- **DATA**
((

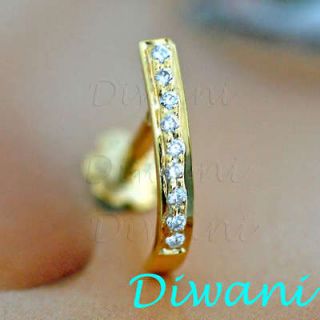 Real Diamonds Engagement Wedding 14k Gold Nose Hoop Screw Ring Stud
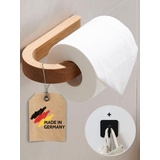 DEKAZIA® Toilettenpapierhalter Holz | Toilettenpapierhalter ohne Bohren | Klopapierhalter ohne Bohren | Klorollenhalter ohne Bohren | WC Papier Halterung | Klopapier Halterung WC Rollenhalter Eiche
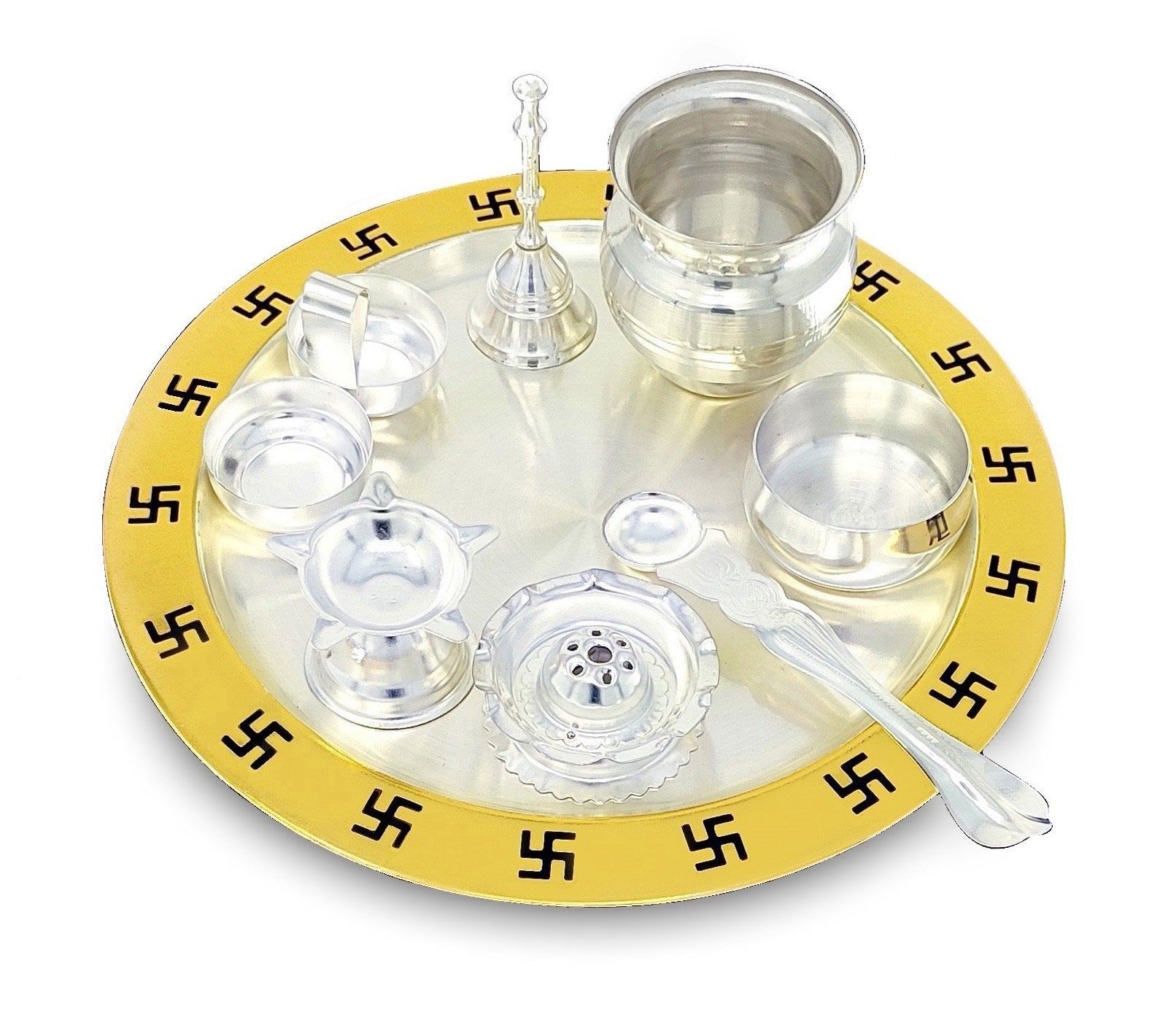 BENGALEN Pooja Thali Set 9 Inch Gold & Silver Plated with Red Gift Box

))

What this calls for is the material above set down exactly, pictures excluded.

 Real Diamonds Engagement Wedding 14k Gold Nose Hoop Screw Ring Stud
 DEKAZIA® Toilettenpapierhalter Holz | Toilettenpapierhalter ohne Bohren | Klopapierhalter ohne Bohren | Klorollenhalter ohne Bohren | WC Papier Halterung | Klopapier Halterung WC Rollenhalter Eiche
 BENGALEN Pooja Thali Set 9 Inch Gold & Silver Plated with Red Gift Box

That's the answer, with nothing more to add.